National Day of Encouragement doesn’t go down until September 12, but it’s never too early to start thinking about the 2nd annual event.
What, you ask, is the National Day of Encouragement? Good question!
Officially acknowledged by President Bush last year, the “holiday” hopes to counter negativity with some good old coddling. We need such a day because, according to the Day’s website, “negative images and stories brought to us by the media can lead to sadness and discouragement.”
An explanatory video shares some of these “very negative images” – mostly of September 11 – and concludes, “There is something you can do.”
While some may quite rightly guess “cut yourself off from all media,” the site has another suggestion: “Spend some time encouraging someone. And let’s fight the discouragement that plagues our schools, work places, and homes.” Great! We love encouraging people – you go, girl! – but, upon further examination, we’re finding the entire thing quite discouraging.
It all began in June of 2007, when do-gooder high school students gathered at Harding University for a National Leadership Forum. Upset by growing problems in their high schools, like booze, parties and the dreaded sex, the teenage participants decided our nation needed a day to counteract society’s detrimental influences. And, as you can imagine, those influences are highly subjective. And perhaps highly influenced, especially since the day’s run out of The Institute for Church & Family, headquartered at Harding.
Founded in 1924, Arkansas-based Harding University prides itself on its faith-based education – and all the moral baggage that comes with it. From the student handbook: “Harding University holds to the biblical principle that sexual relationships are unacceptable to God outside the context of marriage. Sexual immorality in any form will result in suspension from the University.” This exclusionary attitude shouldn’t surprise, of course. Loads of faith-based institutions routinely rail against homosexuality. Harding’s commitment to the anti-queer cause, however, goes deeper than simply fire and brimstone. Just ask Harding professor Mark Elrod.

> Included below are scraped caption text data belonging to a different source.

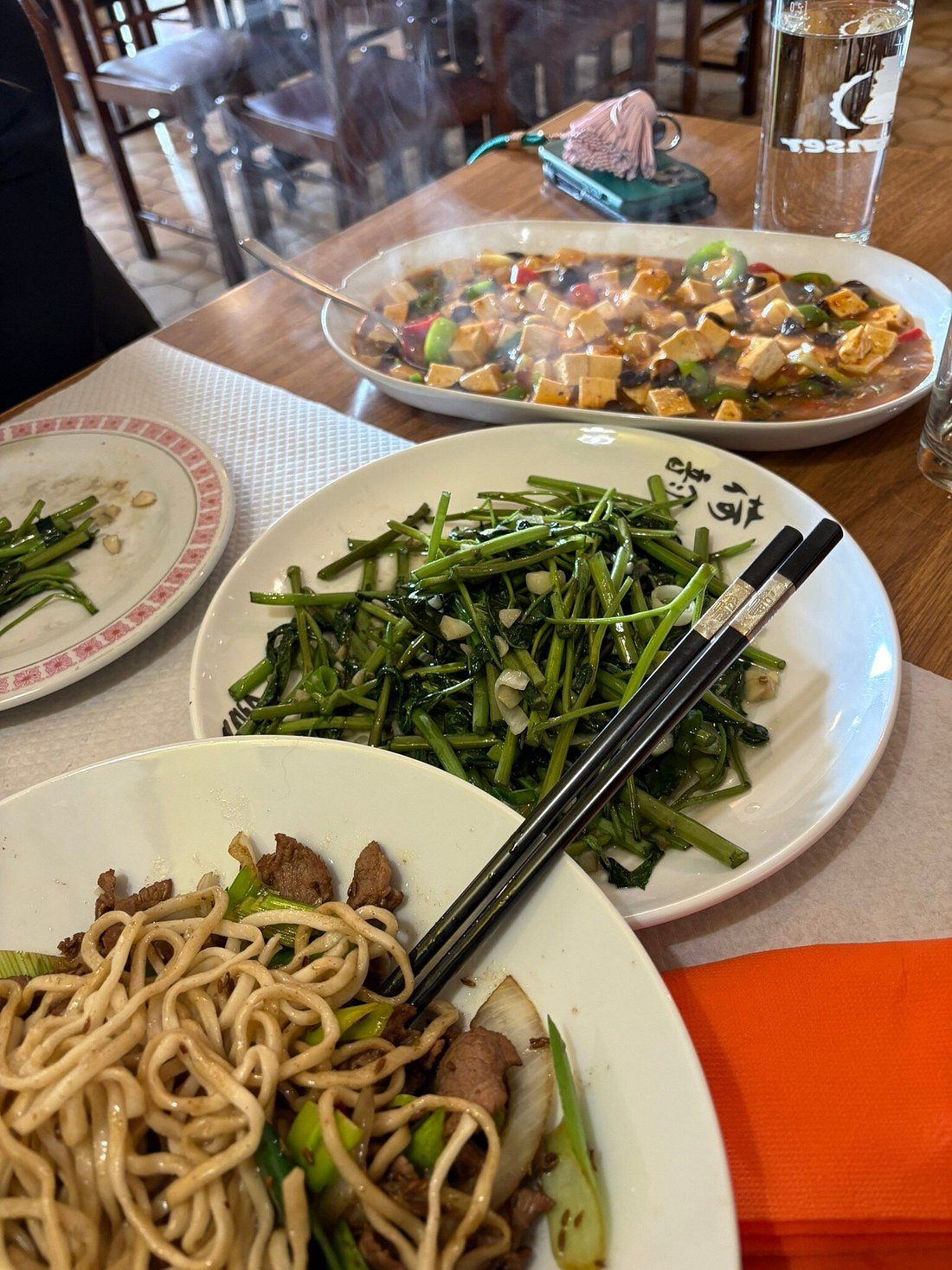 Tofu mapo et légumes verts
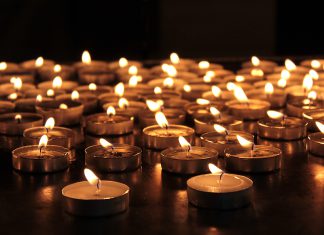 ¿Qué debería hacer la radio cuando muere una leyenda de la música?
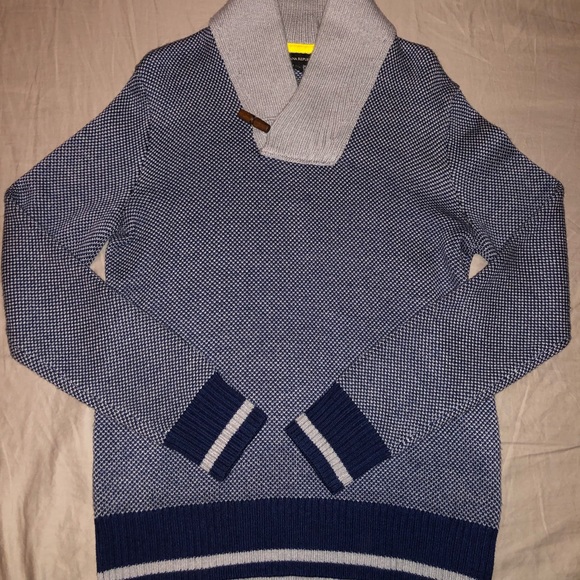 Banana Republic Sweater - Picture 1 of 2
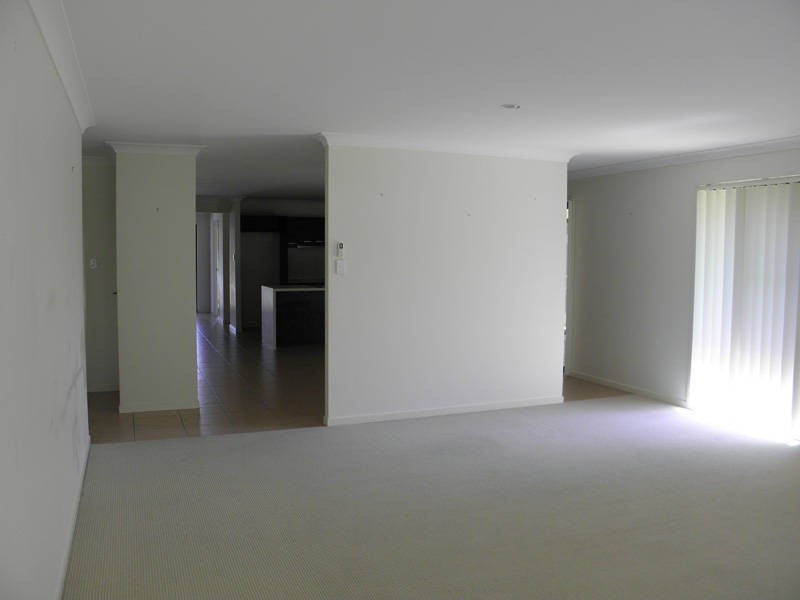 4 Bilby Dr, Morayfield QLD 4506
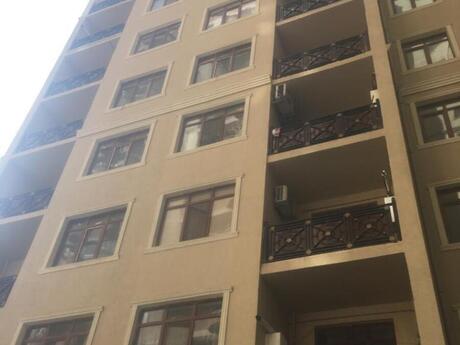 Объявление №5986983 - Баку, м. Гянджлик, 3-комн., 65 м², 9/18 этаж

In a June 20, 2008, interview with “Christian issues” blog downintheblog, Elrod, a historian, expresses his relatively lukewarm support for gay marriage, saying, “I’m generally not opposed to it and I’m not in favor of it either… I’m generally in favor of allowing same-sex marriages but I’m not going to go to the barricades to fight for it either.” Harding University was not impressed. And they were particularly displeased with Elrod’s takes on Biblical condemnations:
The bible itself defines marriage about 7 different ways, and any of those 7 ways you could make an argument that the bible says it should be legal, like polygamy.
If we use the bible as a document to determine our civil laws, it’s not entirely clear on what marriage is.
Let the righteous backlash begin!
Displeased with Dr. Elrod’s blasphemous opinion, Harding officials reportedly urged him into keeping his private thoughts private, according to Political Cartel, a blog run by Harding alum. The authors described Harding’s reaction to Elrod’s queer comments as “intellectual oppression.” Elrod claims he wasn’t pressured, but did go ahead and restrict access to his personal blog. Before doing so, however, Elrod posted this telling message:
I’ve come to the realization that I have over-estimated the capacity of both my academic [Harding University and my religious [Church of Christ] community to deal with critical thinking or dissent in a public forum. In the last few weeks, I’ve grown tired with dealing with members of both communities who seem to view the world in black and white terms and think of all discussions as zero-sum games.
Now, we don’t know about you lot, but we’re not about to celebrate a “Day of Encouragement” founded in a school that doesn’t seem to know the meaning of the word. Harding University had no comment on the matter, of course, which speaks volumes more than anything they ever could have spun.